AI is fueling a data center building boom to start 2025
We are just a little over a week into the new year, yet we have already seen a flurry of data center announcements. The biggest by far was Microsoft’s plan to invest $80 billion in data centers this year alone.
Not to be left out, AWS announced plans to spend $11 billion in Georgia on data centers and the incoming administration announced a $20 billion federal effort aimed at building more data centers in the U.S., an investment led by Emirati billionaire Hussain Sajwan.
It should come as no surprise that AI is behind this $111 billion push with much more likely to come. Ray Wang, founder and principal analyst at Constellation Research says companies are fighting hard to own market share by building as much capacity as they can muster.
“Companies must invest heavily or risk falling behind,” Wang told FastForward, adding that government investment is also inevitable. As for Microsoft’s investment, he thinks it’s because the demand has outstripped capacity, a good problem to have, and that their older data centers are not necessarily equipped to handle AI's power and resource requirements.
“Right now, if a customer wants more capacity from Microsoft, they can't get it because they are underinvested in their cloud infrastructure,” he said. “That's why they're spending so much -- because they're playing catch-up [and they need to modernize]."
Yet, regardless who is building them, AI data centers are not like typical data centers running enterprise applications, says Patrick Moorhead, founder and principal analyst at Moor Insights & Strategy.
“AI data centers have unique power and cooling requirements, including water cooling for GPUs. The power draw per mm2 can be 10x higher than a traditional data center serving standard enterprise applications,” Moorhead said.
Those resource requirements are in part leading to a backlash against data center construction in some communities across the U.S., as the Washington Post reported in October. (It’s worth noting that the WaPo is owned by Amazon founder and chairman Jeff Bezos, whose company is trying to build a fair number of them.)
The most recent data from Synergy Research, a firm that tracks data about all things cloud, found that the number of data centers run by the hyperscalers -- the largest companies like Amazon, Google and Microsoft -- surpassed 1000 in early 2024. It surely has grown since that data came out early last year.

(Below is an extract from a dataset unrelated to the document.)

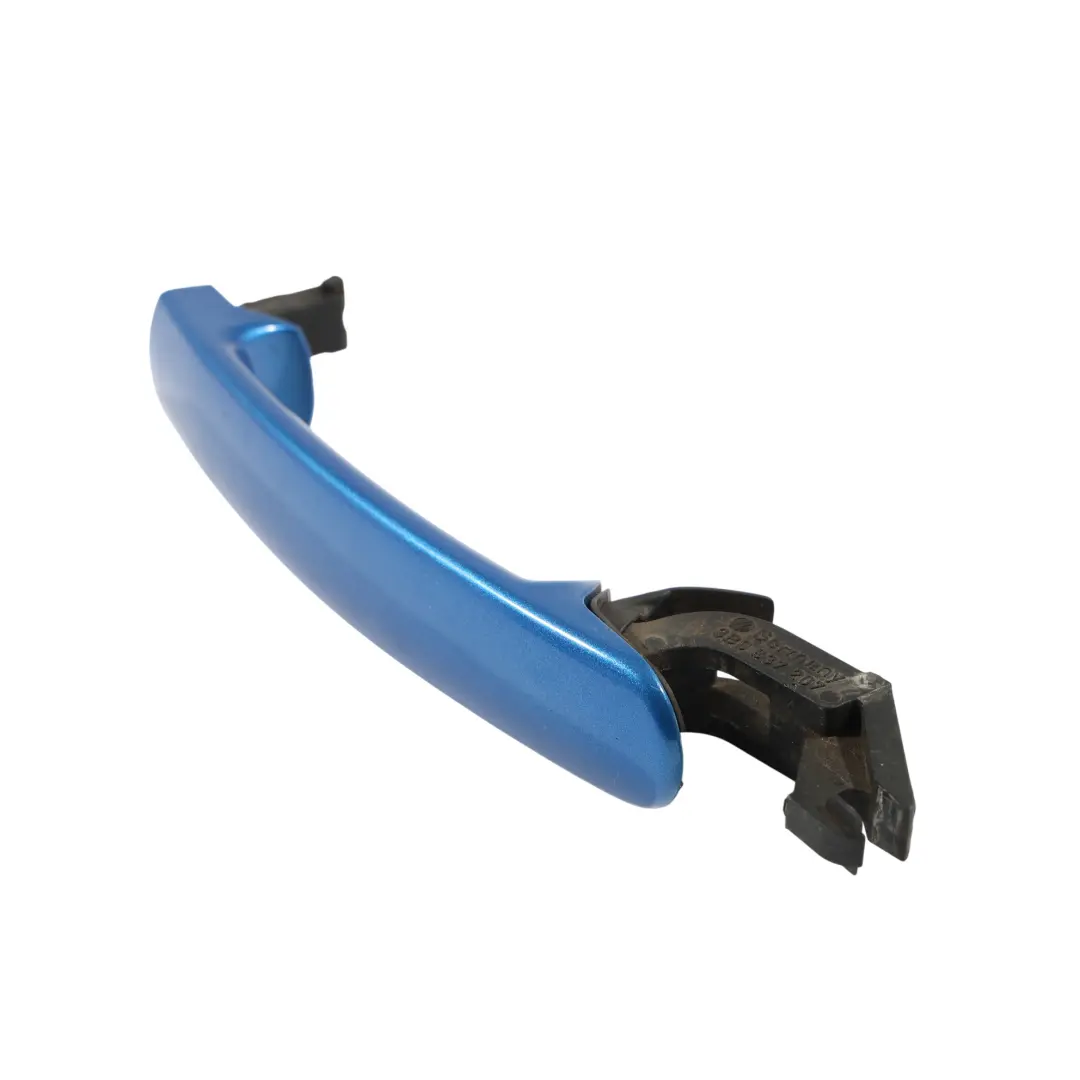 Mk2 1Z Maniglia Porta Anteriore Destra Race Blue Metallic - F5W per Skoda Octavia con numero di parte 3B0837207 Skoda Octavia Mk2 1Z Maniglia Porta Anteriore Destra Race Blue Metallic - F5W - SKU 3B0837207-RAB - Numero di parte 3B0837207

In a separate report in August, the company found that the same hyperscalers accounted for 41% of the worldwide capacity of all data centers, a massive percentage that is only expected to grow in the coming years, as the chart below illustrates:
Hyperscalers are defined as the largest companies able to scale to whatever demand is required (at least in theory). AI is challenging that notion, and that has led to the flurry of announcements we have seen early in the new year.